* [Extracted information]

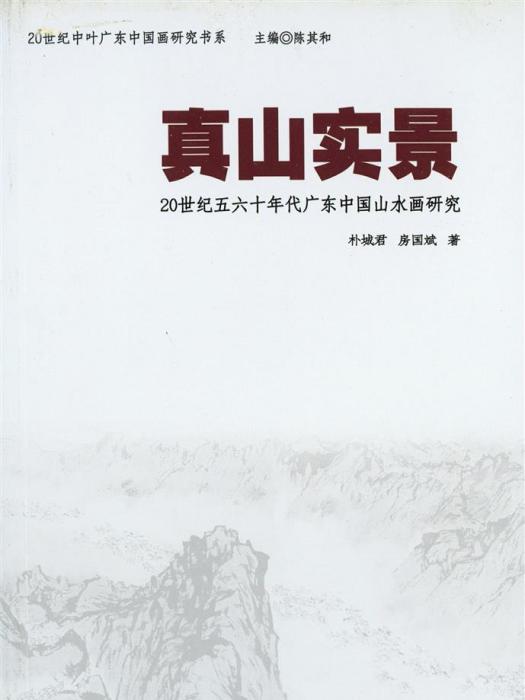 真山實景：20世紀五六十年代廣東中國山水畫研究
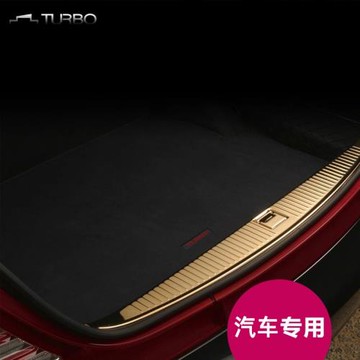 適用大眾速騰CC邁騰尚酷途觀高爾夫GTI寶來polo朗逸尾箱后備箱墊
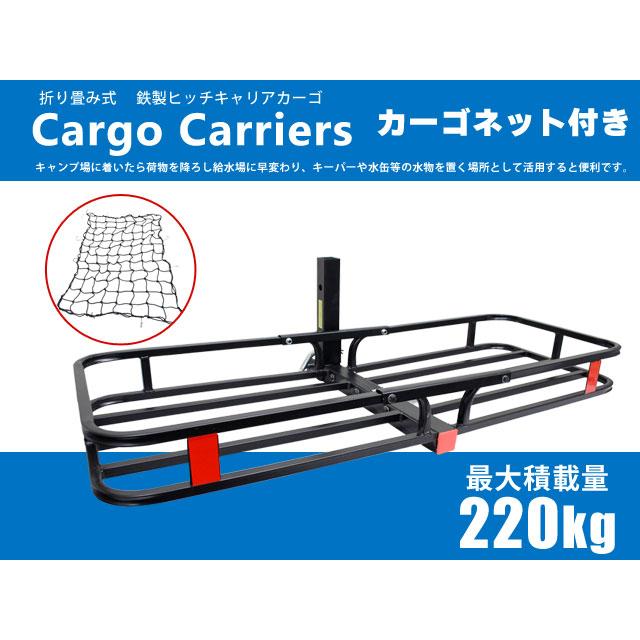 ヒッチキャリア ヒッチキャリアカーゴ カーゴネット付き カーゴ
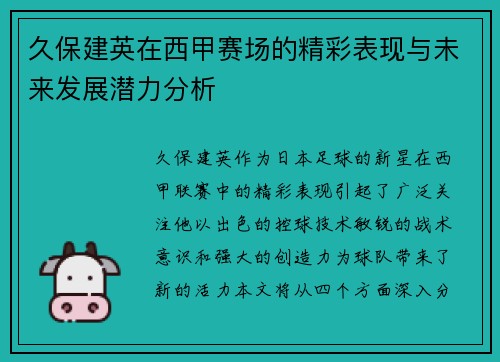 久保建英在西甲赛场的精彩表现与未来发展潜力分析
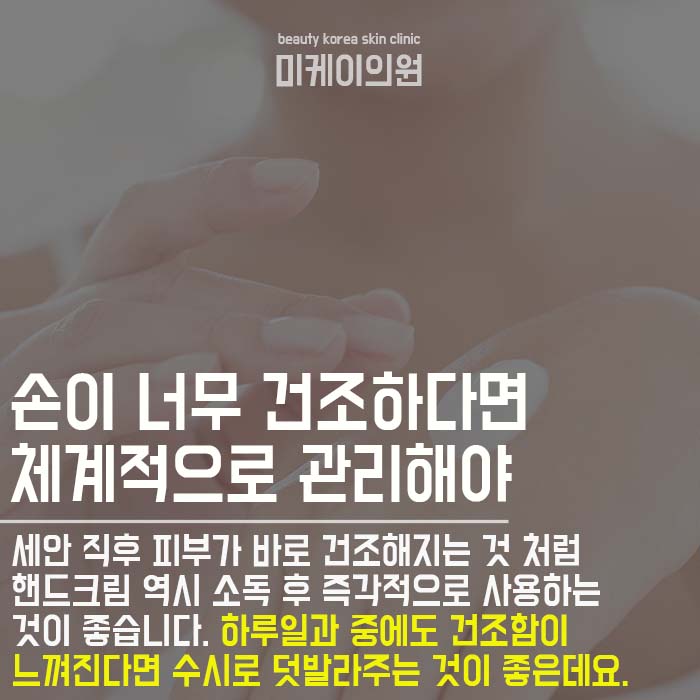 손가락끝갈라짐원인 꾸준한 관심과 관리가 중요해 관련 이미지 2
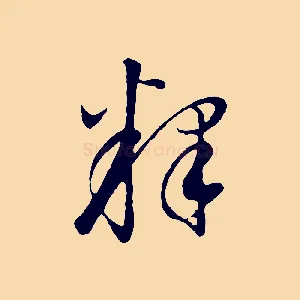 釋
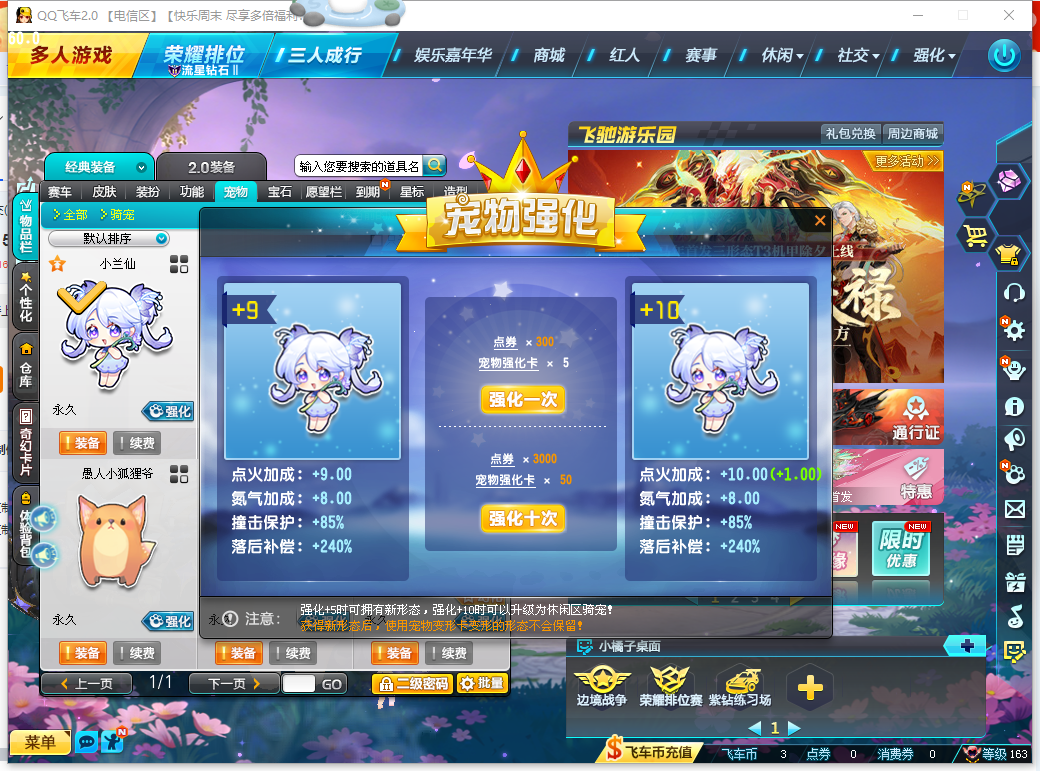 FCDLC40305QQ飞车端游账号详情图9 FCDLC40305QQ飞车端游账号详情图9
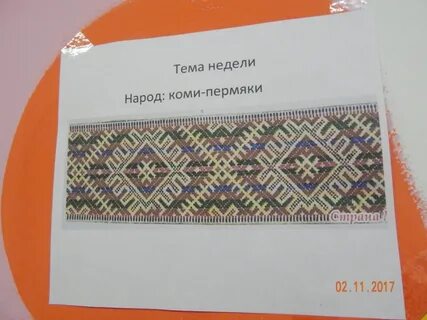 Коми пас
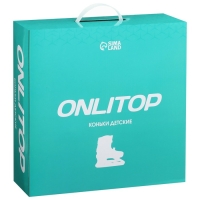 Коньки детские раздвижные ONLITOP, р. 34-37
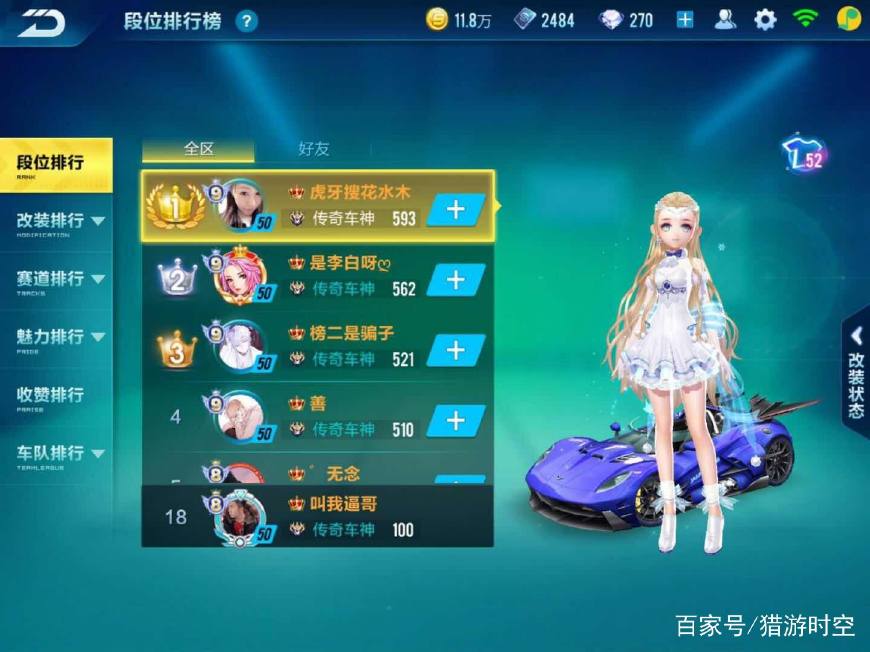 qq飞车手游各个道具作用和用法,QQ飞车手游道具赛讲解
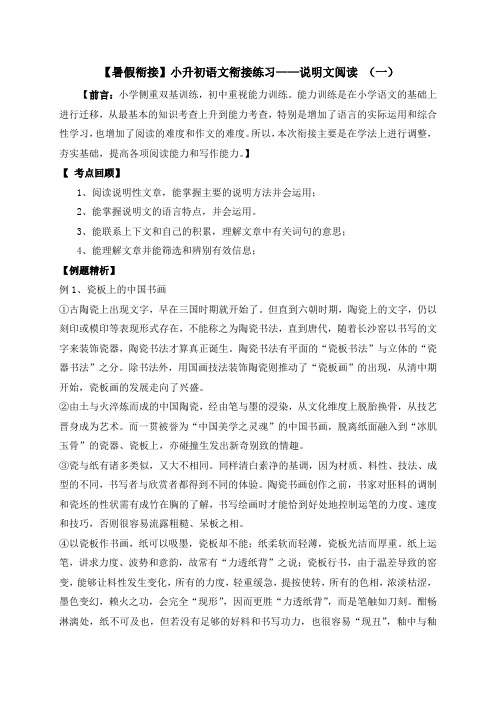 【精品独家】小升初衔接语文暑假练习：说明文阅读(一)(人教部编版,含答案,含解析)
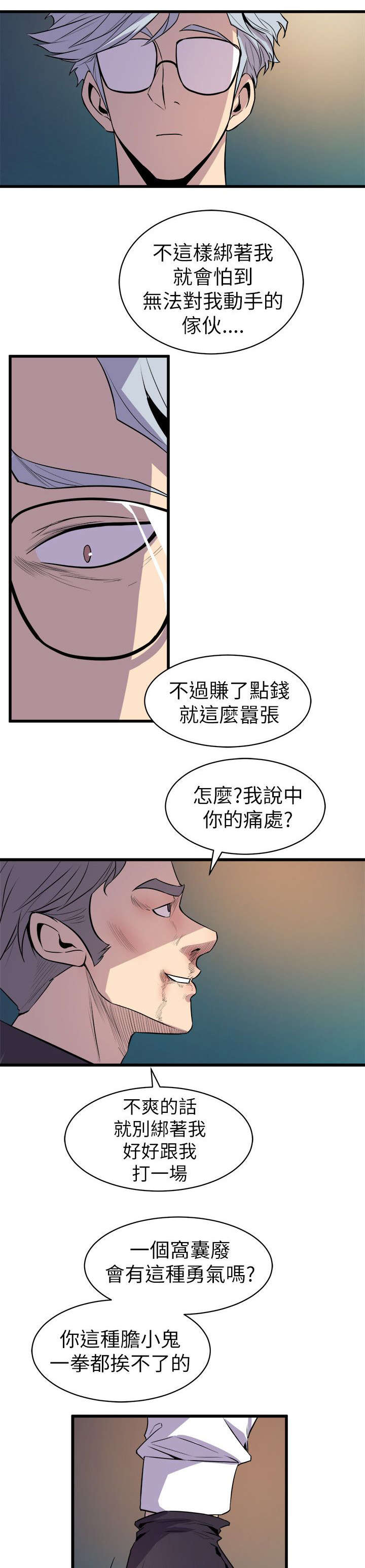 第29章：杀了你12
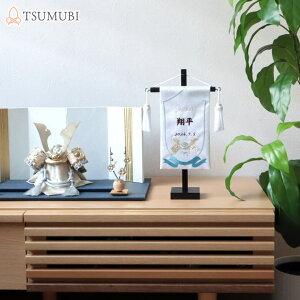 �y�N���Ō�̑労�ӍՁz�S�iP10�{��12/19-26 �V���o�[ �z���C�g �m�� �������Ԃ��� ���Y �����l�` �܌��l�` �� �� �R���p�N�g �C���e���A ���O�� �j�̎q TSUMUBI �����l�`�X �a�� �ނ�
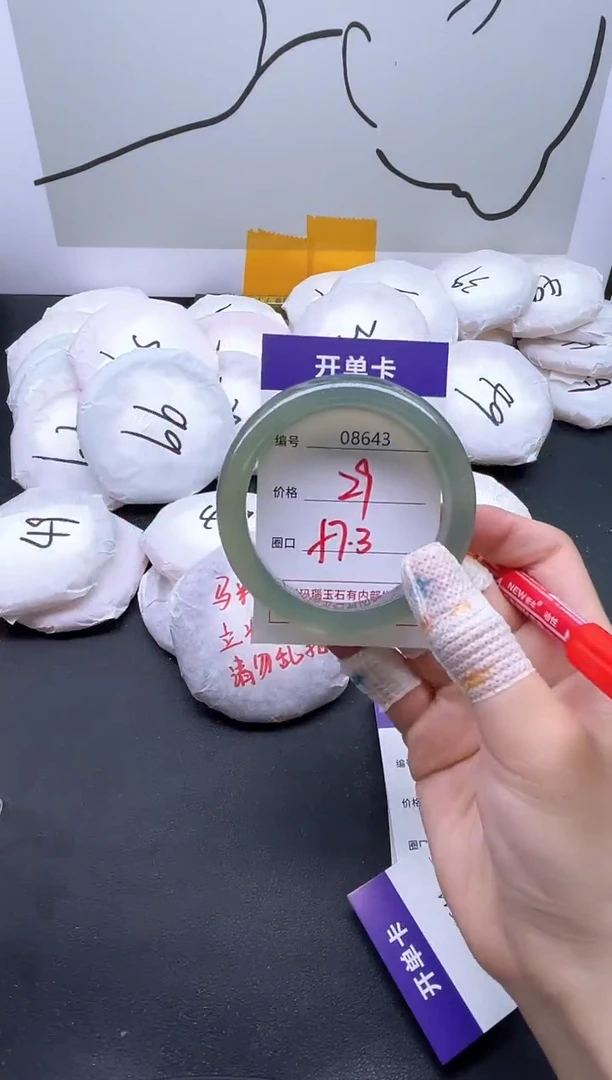 手镯玛瑙/玉髓未镶嵌8643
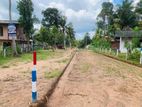 Land Plots Sale කුරුණෑගල ,පොතුහැර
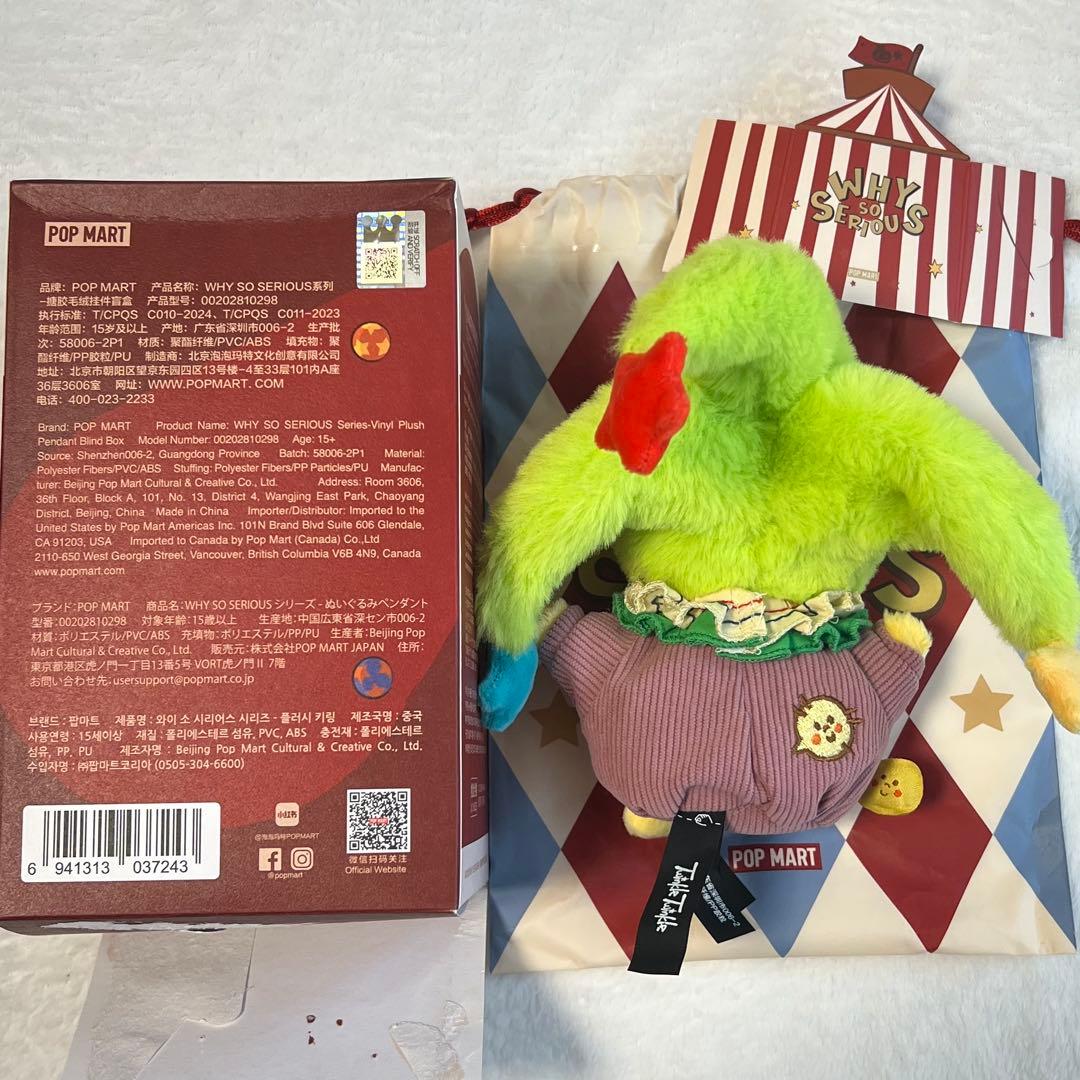 WHY SO SERIOUS ぬいぐるみペンダント TWINKLE シークレット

* [Task description]
The answer must be an exact copy of the lines from the one containing "손가락끝갈라짐원인 꾸준한 관심과 관리가 중요해 관련 이미지 2" through the last line of the records, and nothing else. Pictures do not belong in it.

* [Solution for this task]
 손가락끝갈라짐원인 꾸준한 관심과 관리가 중요해 관련 이미지 2
 釋
 FCDLC40305QQ飞车端游账号详情图9 FCDLC40305QQ飞车端游账号详情图9
 Коми пас
 Коньки детские раздвижные ONLITOP, р. 34-37
 qq飞车手游各个道具作用和用法,QQ飞车手游道具赛讲解
 【精品独家】小升初衔接语文暑假练习：说明文阅读(一)(人教部编版,含答案,含解析)
 第29章：杀了你12
 �y�N���Ō�̑労�ӍՁz�S�iP10�{��12/19-26 �V���o�[ �z���C�g �m�� �������Ԃ��� ���Y �����l�` �܌��l�` �� �� �R���p�N�g �C���e���A ���O�� �j�̎q TSUMUBI �����l�`�X �a�� �ނ�
 手镯玛瑙/玉髓未镶嵌8643
 Land Plots Sale කුරුණෑගල ,පොතුහැර
 WHY SO SERIOUS ぬいぐるみペンダント TWINKLE シークレット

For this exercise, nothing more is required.